_ENTRIES SHOWN_
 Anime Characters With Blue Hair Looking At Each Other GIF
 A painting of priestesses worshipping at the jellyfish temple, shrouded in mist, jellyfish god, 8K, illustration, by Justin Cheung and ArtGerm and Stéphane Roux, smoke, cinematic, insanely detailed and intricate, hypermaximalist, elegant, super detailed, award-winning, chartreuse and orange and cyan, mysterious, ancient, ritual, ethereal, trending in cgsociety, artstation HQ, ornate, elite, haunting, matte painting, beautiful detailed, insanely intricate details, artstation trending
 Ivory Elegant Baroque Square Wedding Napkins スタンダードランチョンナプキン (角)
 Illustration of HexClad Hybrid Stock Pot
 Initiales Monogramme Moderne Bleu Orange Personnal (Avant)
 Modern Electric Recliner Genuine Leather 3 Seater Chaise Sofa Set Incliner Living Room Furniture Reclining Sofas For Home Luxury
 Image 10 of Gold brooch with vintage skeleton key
--
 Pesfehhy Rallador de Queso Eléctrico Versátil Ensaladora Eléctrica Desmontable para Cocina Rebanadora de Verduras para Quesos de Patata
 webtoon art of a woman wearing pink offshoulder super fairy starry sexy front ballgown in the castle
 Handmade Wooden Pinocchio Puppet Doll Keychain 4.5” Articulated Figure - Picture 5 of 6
...
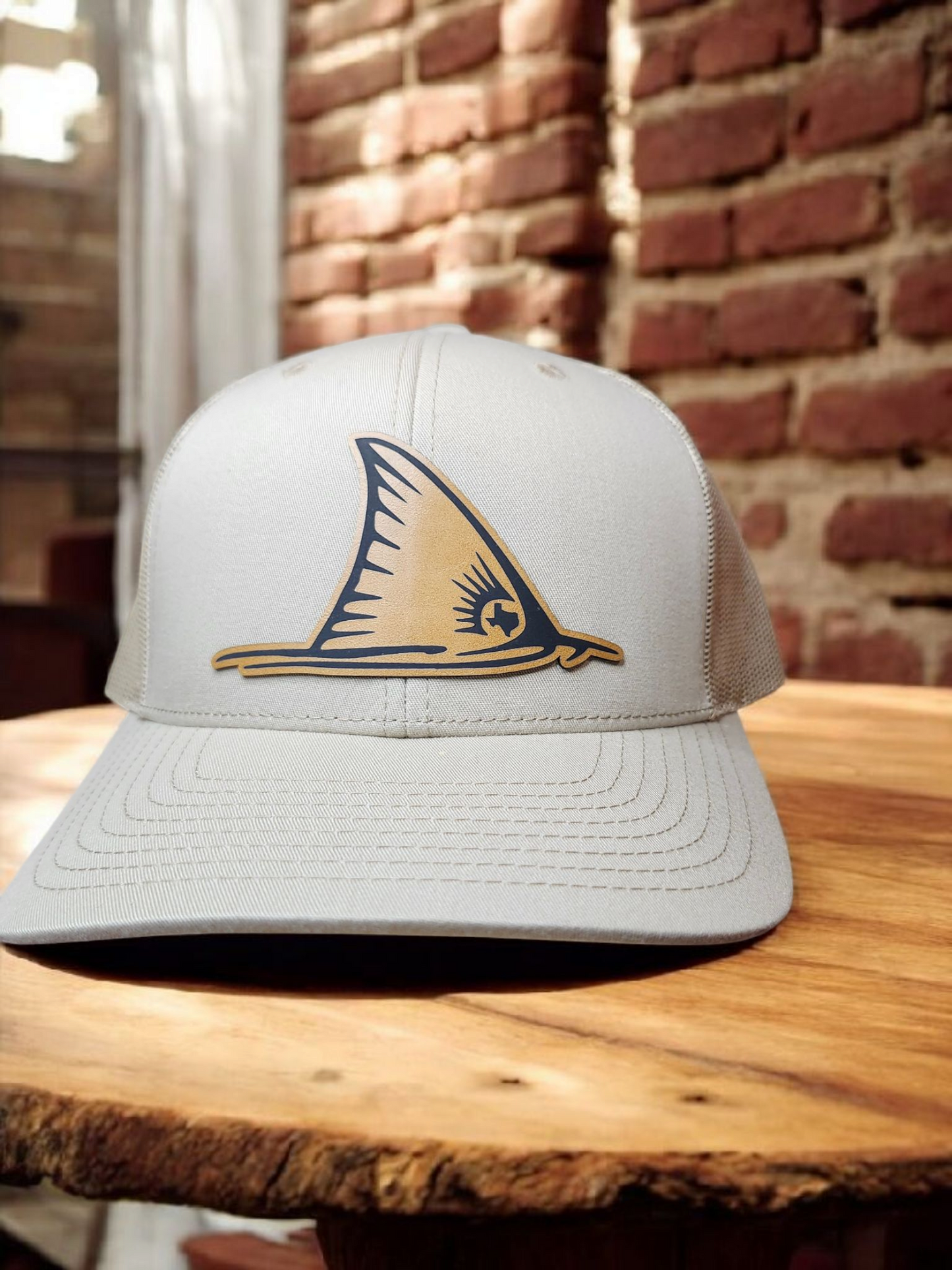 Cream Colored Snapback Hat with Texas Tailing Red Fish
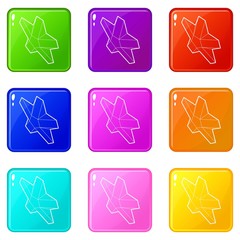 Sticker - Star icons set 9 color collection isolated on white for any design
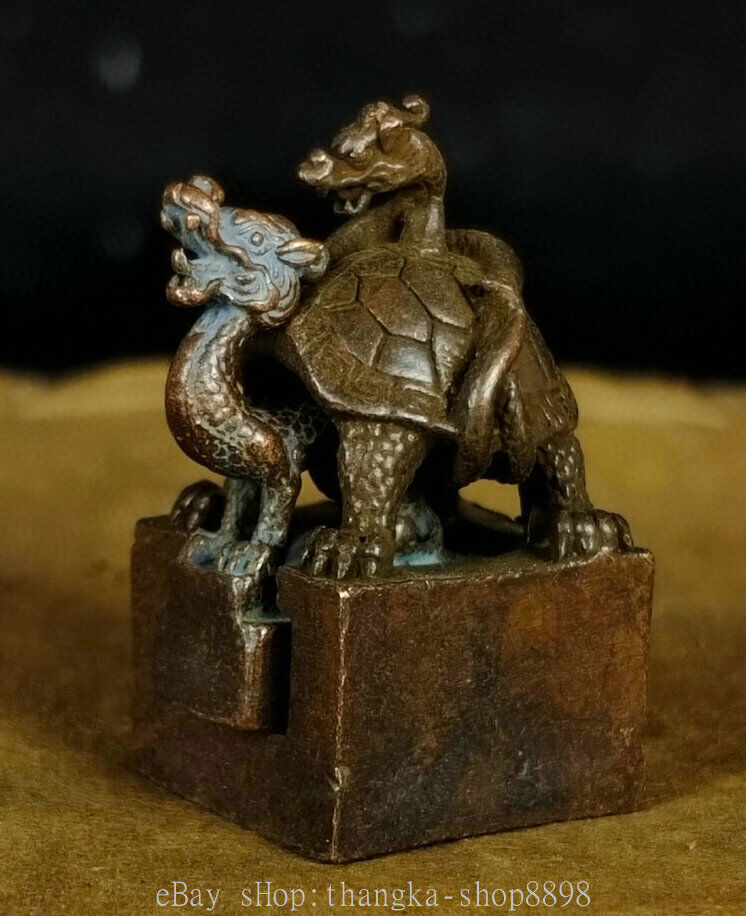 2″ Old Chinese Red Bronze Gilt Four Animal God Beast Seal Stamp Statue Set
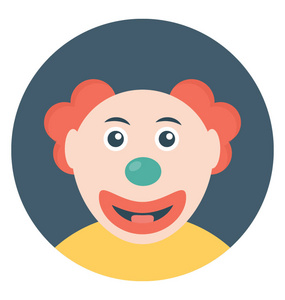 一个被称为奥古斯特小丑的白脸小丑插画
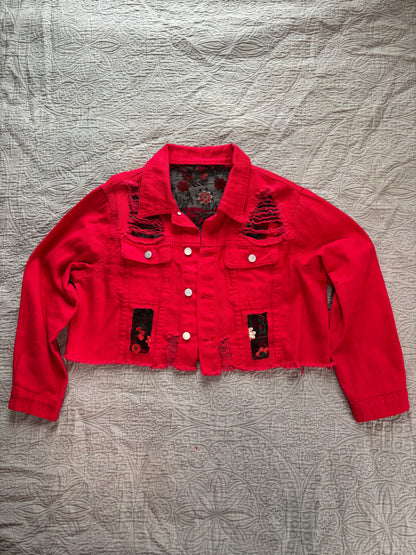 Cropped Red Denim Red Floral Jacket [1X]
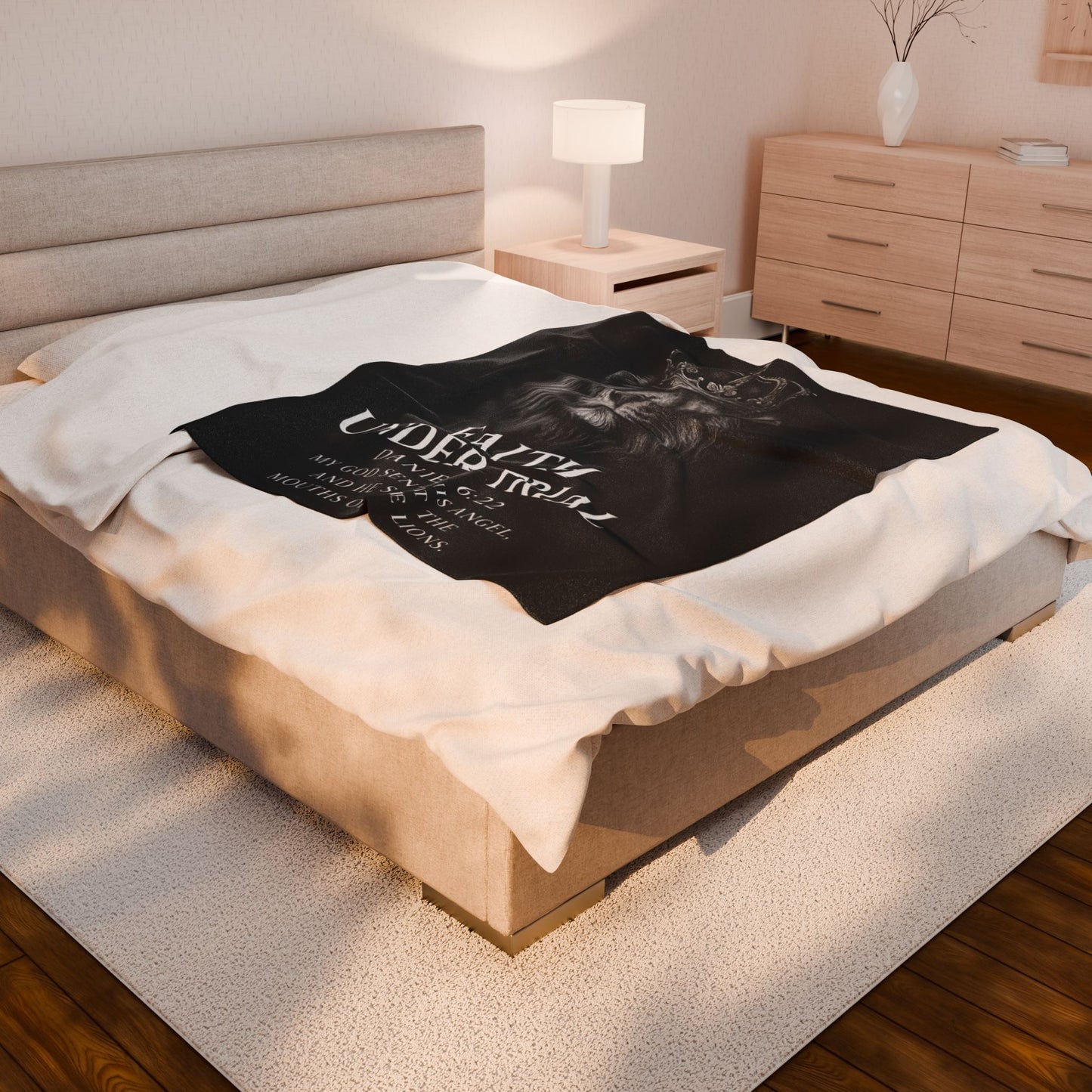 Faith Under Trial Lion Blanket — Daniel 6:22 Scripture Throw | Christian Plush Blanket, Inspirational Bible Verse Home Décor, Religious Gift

_WHAT IS NEEDED_
Reproduce verbatim the lines above, from the line with "Initiales Monogramme Moderne" through the line with "Image 10 of".

_RESULT FOR THIS EXERCISE_
 Initiales Monogramme Moderne Bleu Orange Personnal (Avant)
 Modern Electric Recliner Genuine Leather 3 Seater Chaise Sofa Set Incliner Living Room Furniture Reclining Sofas For Home Luxury
 Image 10 of Gold brooch with vintage skeleton key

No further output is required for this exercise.